• Task
Quote the data exactly, first line to the line containing "Powódź w Porto Alegre, 2024, zdj. Robert Sochacki Powódź", with no pictures.

• Data block
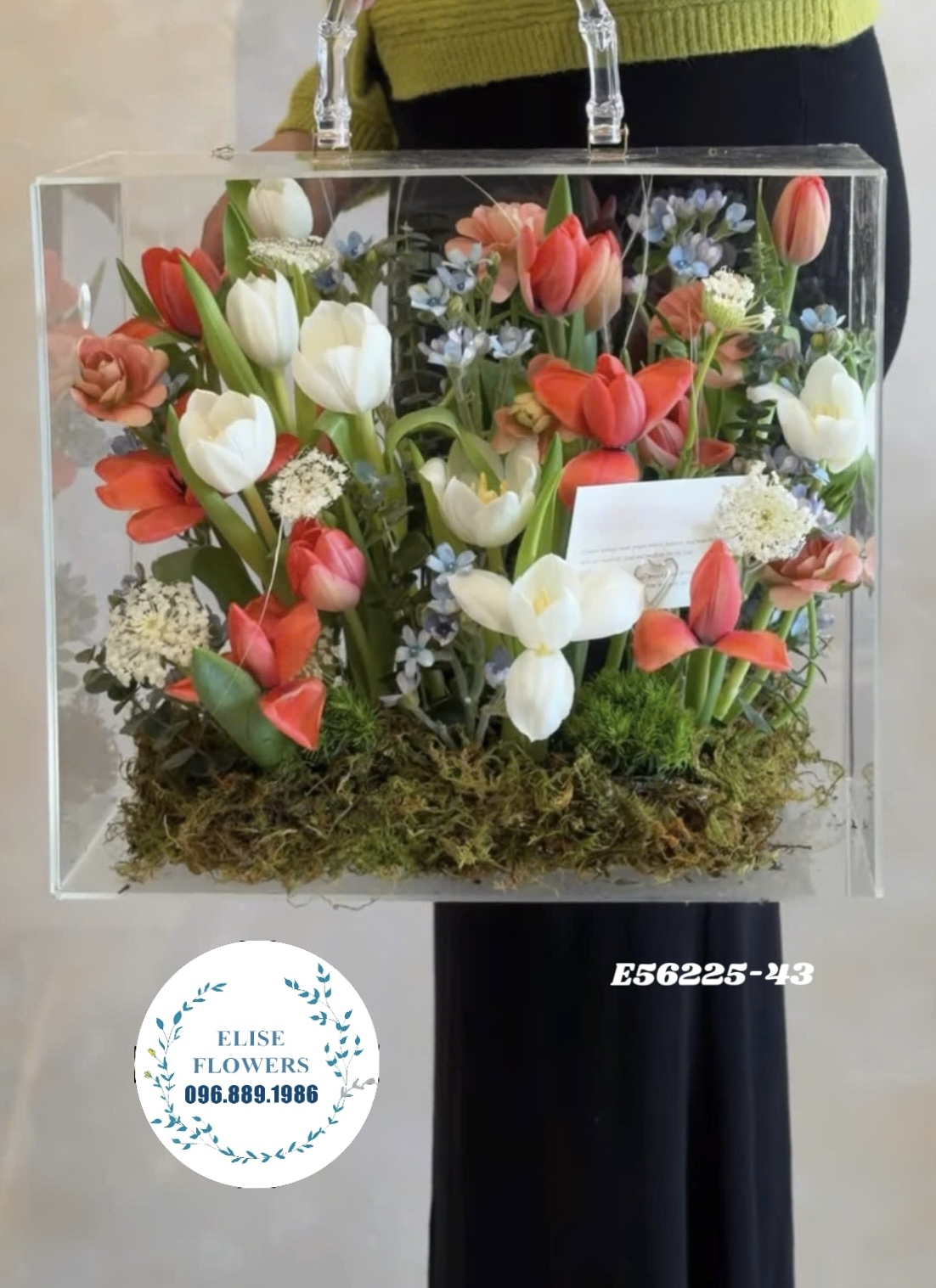 Hộp hoa Tulip nhập khẩu. Hoa Tulip trắng mix đỏ. Quà sinh nhật ý nghĩa. Hoa tươi Hà Nội. Eliseflowers
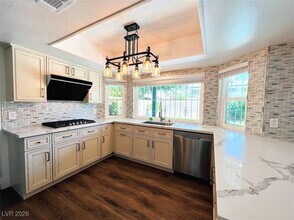 5688 Maceta Ave in Las Vegas, NV - Building Photo - Building Photo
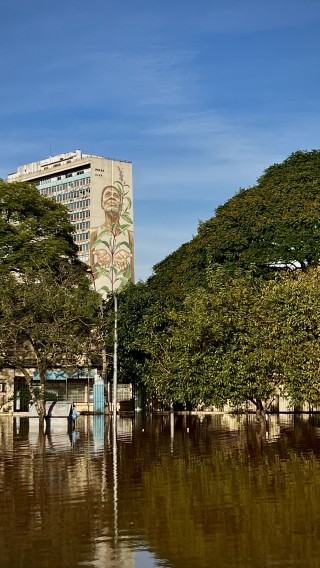 Powódź w Porto Alegre, 2024, zdj. Robert Sochacki Powódź w Porto Alegre, 2024, zdj. Robert Sochacki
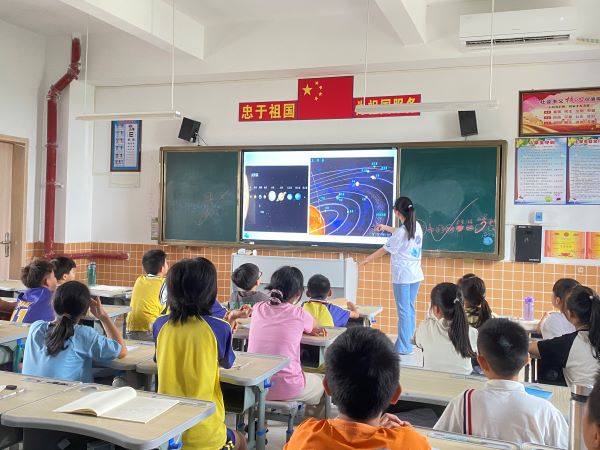 小宇宙大奇觀 種下心中科學(xué)樹 ——嶺南師范學(xué)院“山河承宇”實踐隊開展探索宇宙主題科普課程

• Task answer
 Hộp hoa Tulip nhập khẩu. Hoa Tulip trắng mix đỏ. Quà sinh nhật ý nghĩa. Hoa tươi Hà Nội. Eliseflowers
 5688 Maceta Ave in Las Vegas, NV - Building Photo - Building Photo
 Powódź w Porto Alegre, 2024, zdj. Robert Sochacki Powódź w Porto Alegre, 2024, zdj. Robert Sochacki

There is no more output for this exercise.